**What the exercise asks:** Repeat the data exactly. Pictures stay out.

**Data extract:**

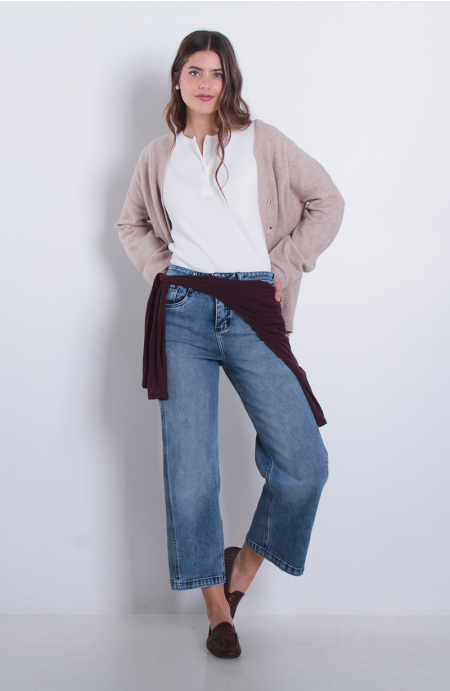 Jeans  Wide Tiro Alto  Pretina Un Boton Pierna Con Corte Costado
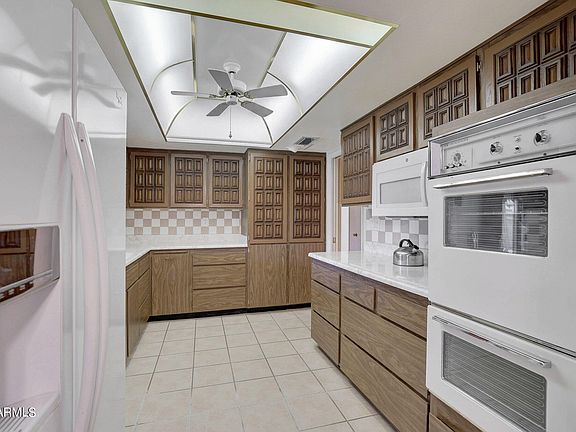 3rd image of 10903 W CAMEO Drive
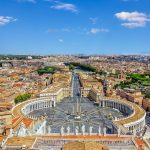 Qual a população do Vaticano, o menor país do mundo?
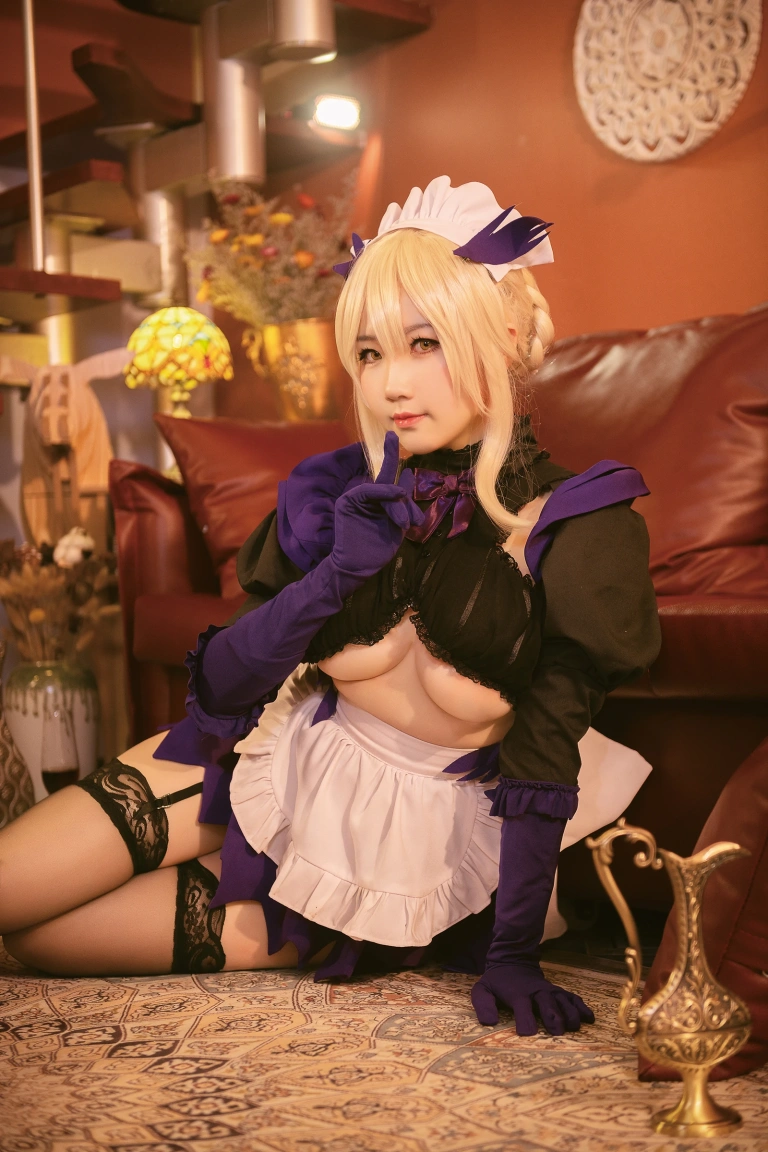 是本末末《黑枪呆女仆》主题写真：28张全套美图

**Response:**
 Jeans  Wide Tiro Alto  Pretina Un Boton Pierna Con Corte Costado
 3rd image of 10903 W CAMEO Drive
 Qual a população do Vaticano, o menor país do mundo?
 是本末末《黑枪呆女仆》主题写真：28张全套美图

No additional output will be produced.